Slightly behind the others, we picked up our pace towards Iquique. We caught up with the chummy and overtook on a hill where they were still suffering from fuel starvation and pulled up over the brow of the hill.
As they got going again we started but immediately noticed a change in the engine note and very soon the “chuff” had returned and quickly we began to loose power, our nemesis was back and this time it was not going to allow us much leeway. After a mile or so we were approaching a police car and as we slowed the engine cut and we came to an involuntary stop beside two policemen examining car papers.
We drove the car on the starter motor to the hard shoulder and got out to examine the damage. One of the policemen came to say hello and as I took the radiator cap off, the lack of water in the header tank spelt end of play for the day. I suggested to the policeman that we would need a truck to take us to Iquique and he promptly used his mobile to call someone, who he said would be with us in twenty minutes. We then began a slightly bizarre sequence given the unlikely circumstances. Ignacio, the policeman, introduced himself, sent his colleague across to their car to fetch sun-cream for our bare arms, showed us pictures of his grandchildren, called a friend who showed up ten minutes later to witness the spectacle, radiod ahead to the next check point to ask that the other cars be stopped and informed of our mishap and then organised a photoshoot with himself, his reluctant junior assistant, his mate and finally the truck driver who arrived and very efficiently put Bertie up on the sliding bed. More photos were taken, we were arranged with different people and finally Ignacio, his arm around Amanda, the whole army of massed people were snapped by his very grumpy assistant. As I went to shake Ignacio’s hand and thank him for his help, he grasped me in a friendly bear hug and then kissed Amanda goodbye.
The truck driver had been a Tuna fisherman in the south of the US and spoke some english, so I explained the problem and that I would need the services of a machine shop if he knew of one. After about ten miles we saw the chummy beside the road, where it turned out the others had stopped at a beach-side Cabana site. The driver skillfully dropped the car by the cabin and offered to wait while I removed the head and he would deliver us and the head to the machine shop. The head was off in about 15 minutes and River and I went with the truck into Iquique. The shop turned out to be a veritable cave of machinery and engine parts and from it emerged three engineers who immediately understood the problem, produced a straight edge and feeler gauges and declared the head to be 0.8m out of true in the centre. It was by now 17.00 and they reasonably offered to have it done by 08.00 the following morning but our driver was adamant that we needed to have it today and so it was agreed that it would be ready by 18.30 that evening.

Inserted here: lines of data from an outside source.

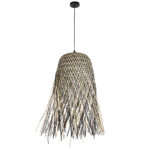 Φωτιστικό κρεμαστό μονόφωτο μπαμπού Ε27 Φ35Χ70 εκ. Μαύρο Μπεζ - KESKOR 60898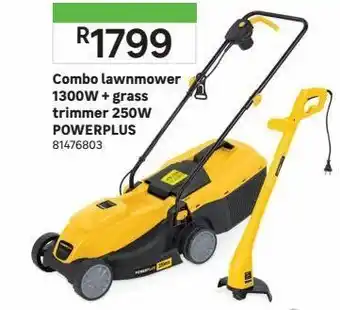 Leroy Merlin Combo lawn mower 1300w + grass trimmer 250w powerplus offer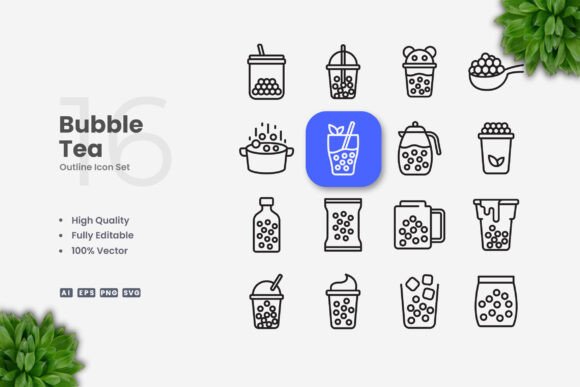 Bubble Tea Icons - Clean Graphics for Handmade Creations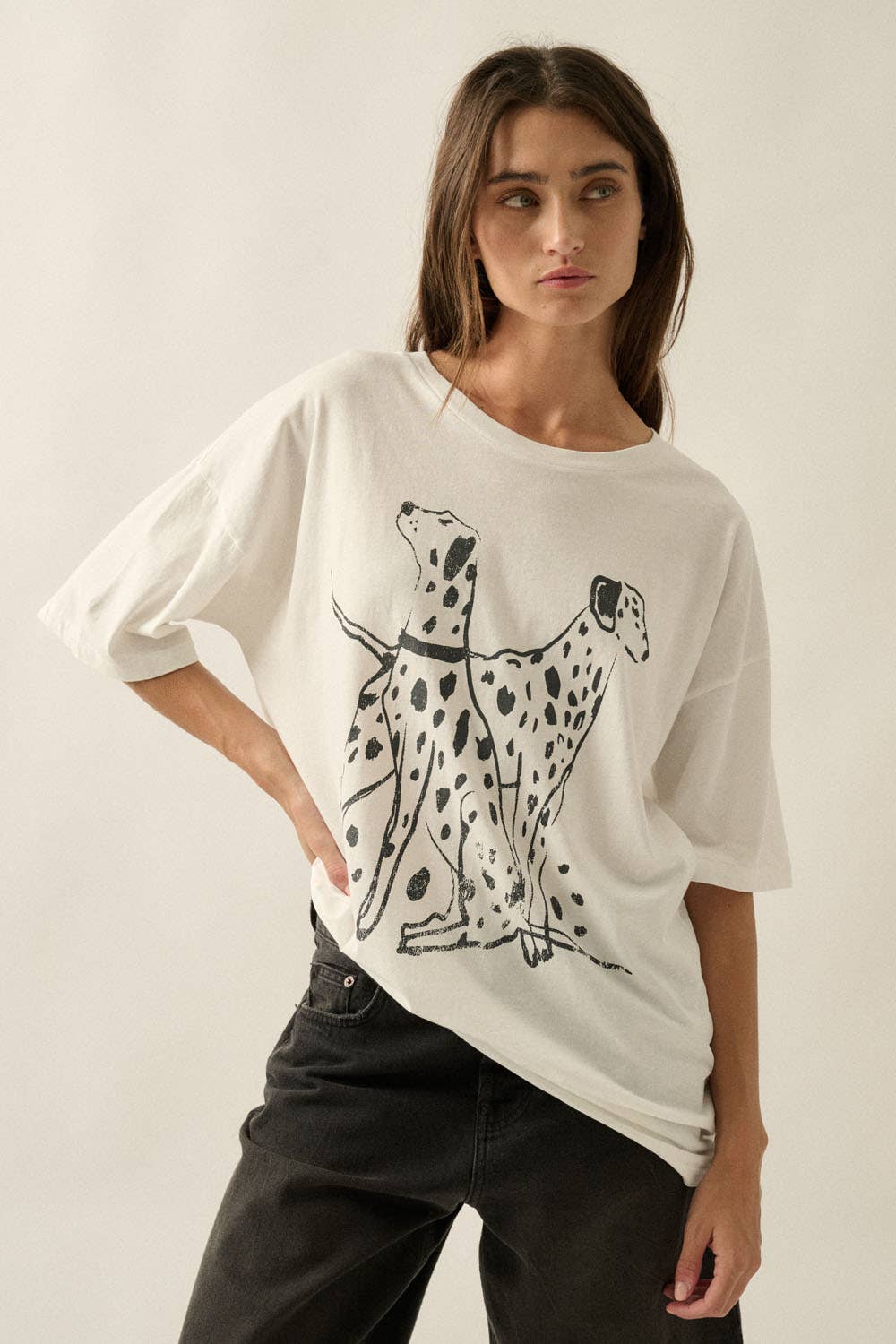 Perdita Dalmation Oversized Graphic Tee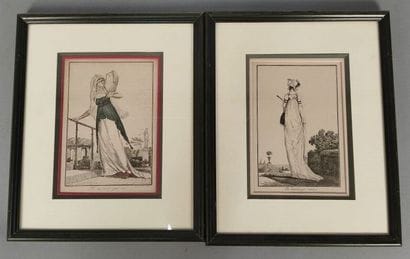 Set of two fashion color engravings
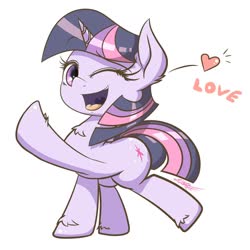 Size: 2000x2000 | Tagged: safe, artist:phoenixrk49, twilight sparkle, pony, unicorn, g4, chest fluff, cute, high res, one eye closed, open mouth, simple background, twiabetes, unicorn twilight, white background
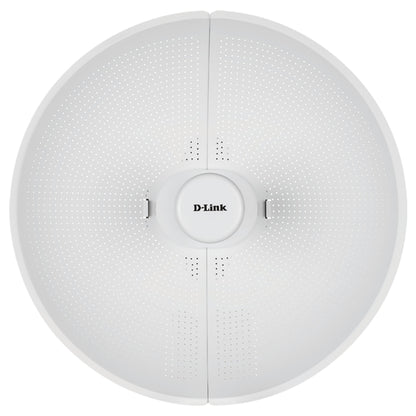 D-Link DAP-3712 Radiolink accesspoint hvid, rund, perforeret overflade, central logo, 867 Mb/s set oppefra.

Roberto offered to drop us at a supermarket in town and we parted with many thanks for his considerable help and kindness. River and I shopped for supper and Diana’s birthday on the following day and returned to the machine shop to collect the finished head. With our shopping and the beautifully-finished head we returned to the cabanas and Stan kindly offered to help get the engine back together. By sunset it was done and I was in time to enjoy the sun sinking into the ocean from the veranda of our cabin, G&T in grubby hand. Yet more “trail magic” had been experienced and the total cost of truck, machining and return taxi being less than £70, plus we had enjoyed a very convivial hour or so with Ignacio.
Later that evening a local driver guide, Roberto, came by at about 22.30 and Diana, River Amanda and I booked a tour to Humberstone to visit the abandoned town and Nitrate works. During the evening Diana had been talking to Vince Leek and emailing about the gearbox problem which had now become a very real worry. the noise was getting worse and it had been difficult to engage second during the day.
For some, a happy conclusion to the day, albeit with an underlying concern about future reliability, for others ongoing concerns and as yet unresolved technical issues.